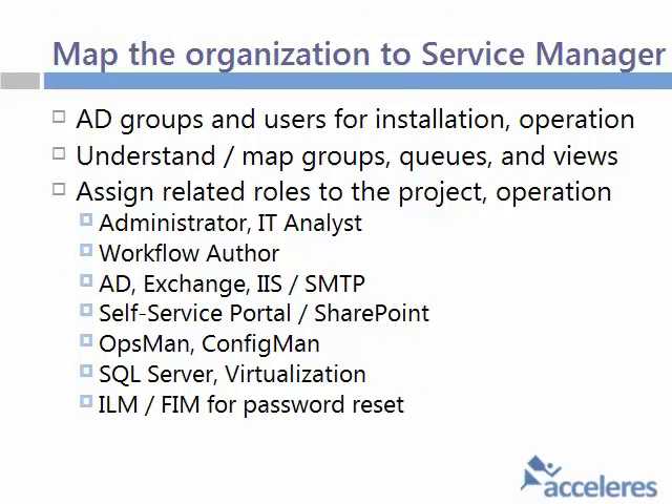One thing we found that's key is to carefully consider and document the map of your organization to Service Manager. For installation, you really have to get a table out and document carefully all the AD users and groups that you need for installation and ongoing operation of the tool. It's not exactly trivial. There are a couple different places where these settings are in the tool, and the language leaves you wondering — is it this account? Is it that account? So carefully document these so during installation you don't have to reinstall, and for ongoing operations things work as expected. That table of AD groups and users is key.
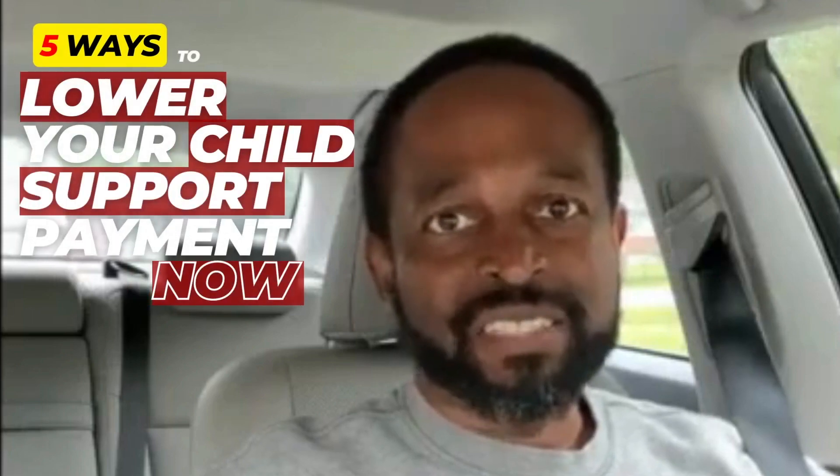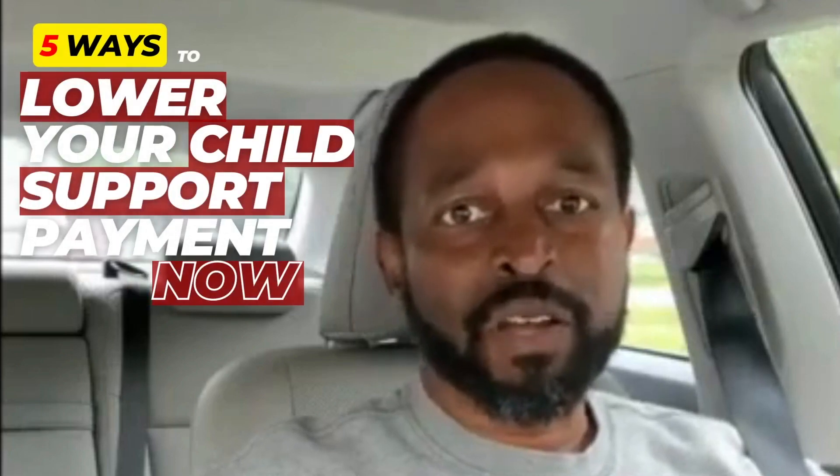If you want to get your child support lowered, then you are in the right place. I'm Damon Moore. I'm an attorney and a mediator. And in this video, I'm going to talk to you about ways that you get your child support order lowered.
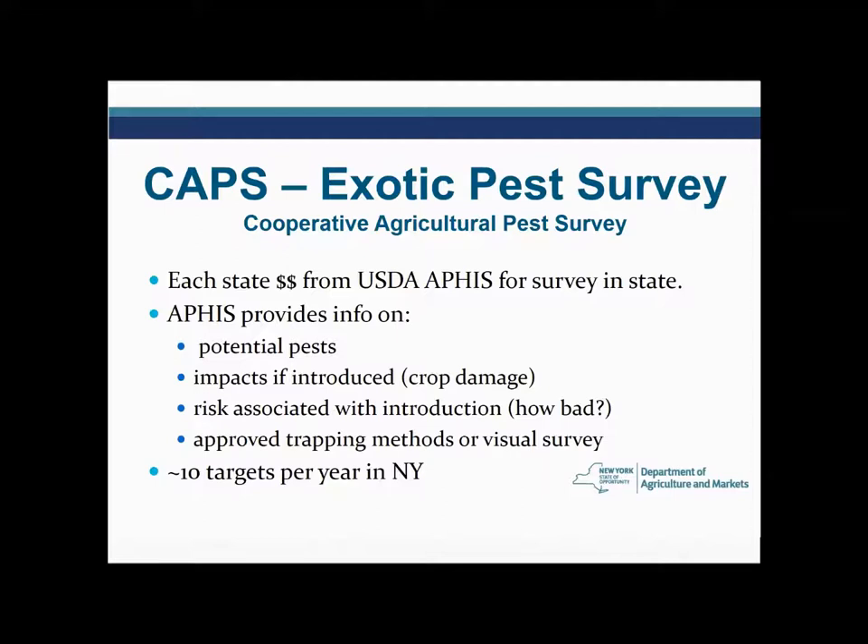We get support from our federal partners at USDA about what pests they see as potential really bad guys that we need to be on the lookout for and are likely to be introduced. They give us information on what the crop damage could be and how bad these pests are if introduced. They also assist us on the technical side — what trapping method to use — and provide us with traps, tools, and lures when available. Sometimes there is no trap because nobody has done the research or come up with a proper lure for a pest, or it's a disease and you just need to know what to look for visually. USDA is an excellent partner in guiding us in this work.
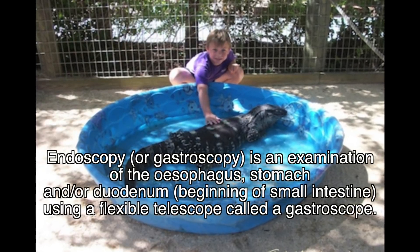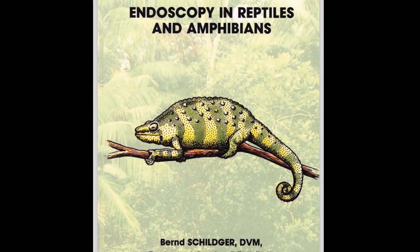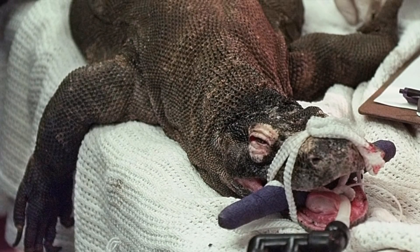Despite advances in exotic animal endoscopy, examples involving reptiles are scarce. This video provides the viewer with a pragmatic overview on the transport of prey from the pharynx of a large monitor lizard, to the esophagus, and finally to the stomach.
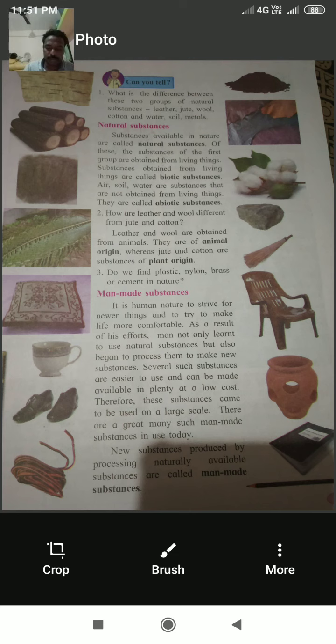It is human nature to strive for newer things and make life more comfortable. As a result of his efforts, man not only learned to use natural substances but also began to process them to make new substances. Several such substances are easier to use and can be made available in plenty at a low cost. New substances produced by processing naturally available substances are called man-made substances.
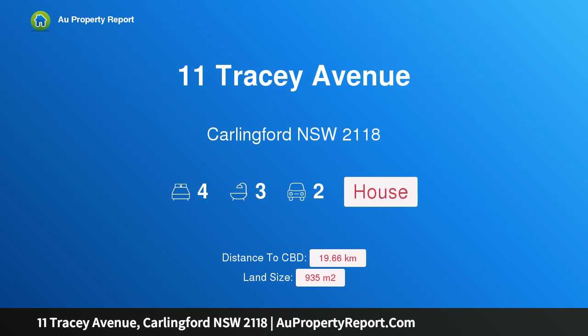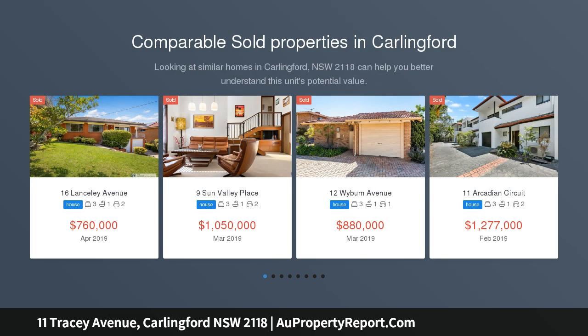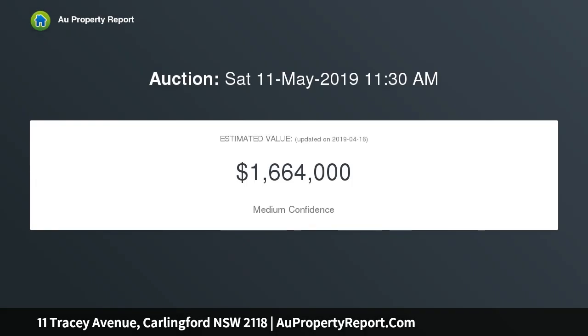I am glad to introduce property 11 Tracy Avenue, Carlingford, New South Wales 2118 — a rare find situated in an ultra convenient location opposite Murray Farm Primary School. This double-story original brick family home sits on an enormous 935 square meter block with a huge 24.6 meters frontage, featuring four good-size bedrooms with built-in wardrobes.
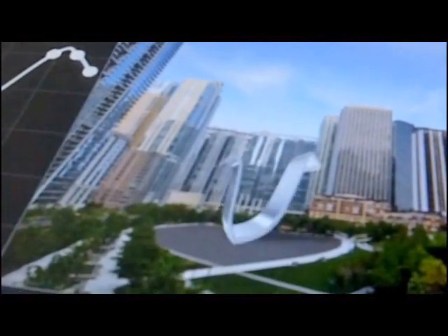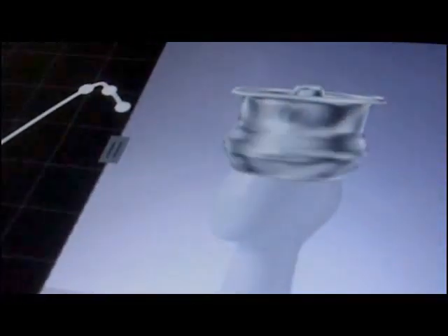So we have a chair, and then you can also make it into something else. We can make it into a building, or a hat. We can have it fit and change the material.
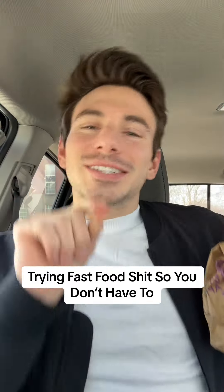Welcome back to another episode of Trying Fast Food so you don't have to. Today we're at Taco Bell trying the rest of the chicken cantina menu. We have the chicken cantina bowl, the chicken cantina burrito, and the chicken cantina soft taco — all brand new. Last week they dropped two new items: a crispy taco and a quesadilla. If you're not following by now, do your boy a follow. I really appreciate each and every one of you guys.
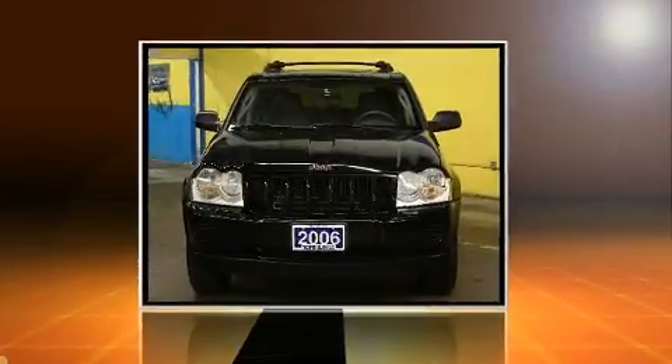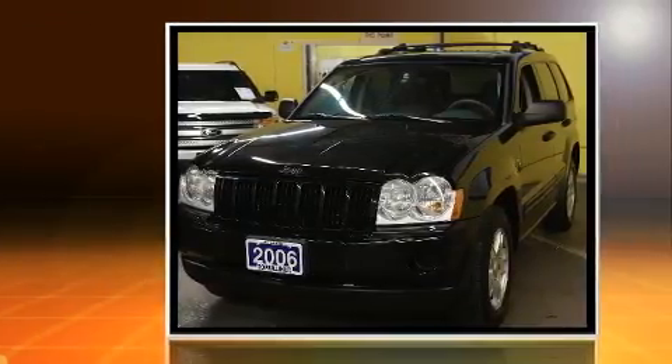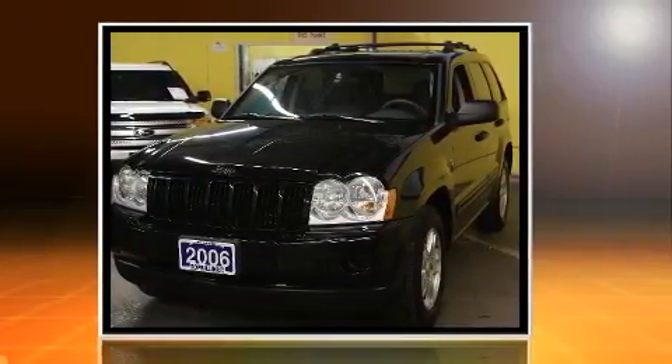Take command of the road in the 2006 Jeep Grand Cherokee. It features four-wheel drive capabilities, a durable automatic transmission, and a refined six-cylinder engine.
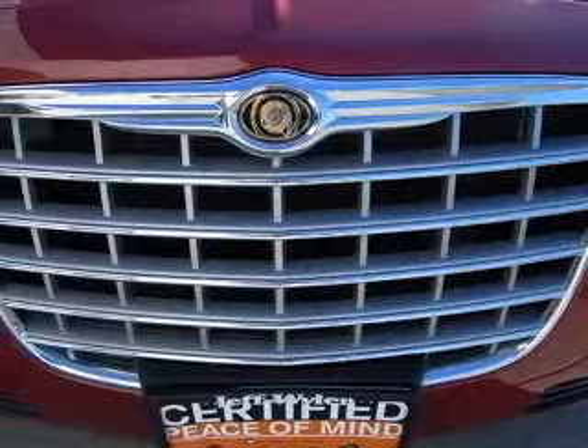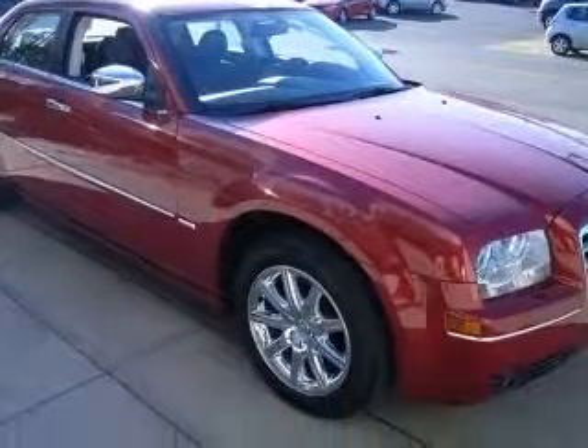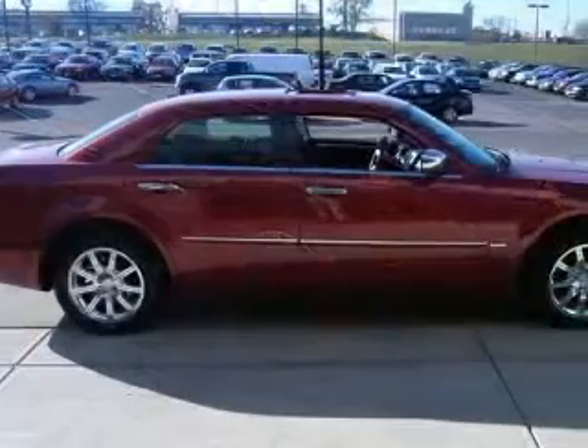Safety equipment includes ABS, traction control, curtain airbags, passenger airbag, and front fog driving lights.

※ ※ ※

__WORK REQUEST__
Copy the records above exactly. The pictures are not part of the copy.

__TASK OUTPUT__
One thing we found that's key is to carefully consider and document the map of your organization to Service Manager. For installation, you really have to get a table out and document carefully all the AD users and groups that you need for installation and ongoing operation of the tool. It's not exactly trivial. There are a couple different places where these settings are in the tool, and the language leaves you wondering — is it this account? Is it that account? So carefully document these so during installation you don't have to reinstall, and for ongoing operations things work as expected. That table of AD groups and users is key.
If you want to get your child support lowered, then you are in the right place. I'm Damon Moore. I'm an attorney and a mediator. And in this video, I'm going to talk to you about ways that you get your child support order lowered.
We get support from our federal partners at USDA about what pests they see as potential really bad guys that we need to be on the lookout for and are likely to be introduced. They give us information on what the crop damage could be and how bad these pests are if introduced. They also assist us on the technical side — what trapping method to use — and provide us with traps, tools, and lures when available. Sometimes there is no trap because nobody has done the research or come up with a proper lure for a pest, or it's a disease and you just need to know what to look for visually. USDA is an excellent partner in guiding us in this work.
Despite advances in exotic animal endoscopy, examples involving reptiles are scarce. This video provides the viewer with a pragmatic overview on the transport of prey from the pharynx of a large monitor lizard, to the esophagus, and finally to the stomach.
It is human nature to strive for newer things and make life more comfortable. As a result of his efforts, man not only learned to use natural substances but also began to process them to make new substances. Several such substances are easier to use and can be made available in plenty at a low cost. New substances produced by processing naturally available substances are called man-made substances.
I am glad to introduce property 11 Tracy Avenue, Carlingford, New South Wales 2118 — a rare find situated in an ultra convenient location opposite Murray Farm Primary School. This double-story original brick family home sits on an enormous 935 square meter block with a huge 24.6 meters frontage, featuring four good-size bedrooms with built-in wardrobes.
So we have a chair, and then you can also make it into something else. We can make it into a building, or a hat. We can have it fit and change the material.
Welcome back to another episode of Trying Fast Food so you don't have to. Today we're at Taco Bell trying the rest of the chicken cantina menu. We have the chicken cantina bowl, the chicken cantina burrito, and the chicken cantina soft taco — all brand new. Last week they dropped two new items: a crispy taco and a quesadilla. If you're not following by now, do your boy a follow. I really appreciate each and every one of you guys.
Take command of the road in the 2006 Jeep Grand Cherokee. It features four-wheel drive capabilities, a durable automatic transmission, and a refined six-cylinder engine.
Safety equipment includes ABS, traction control, curtain airbags, passenger airbag, and front fog driving lights.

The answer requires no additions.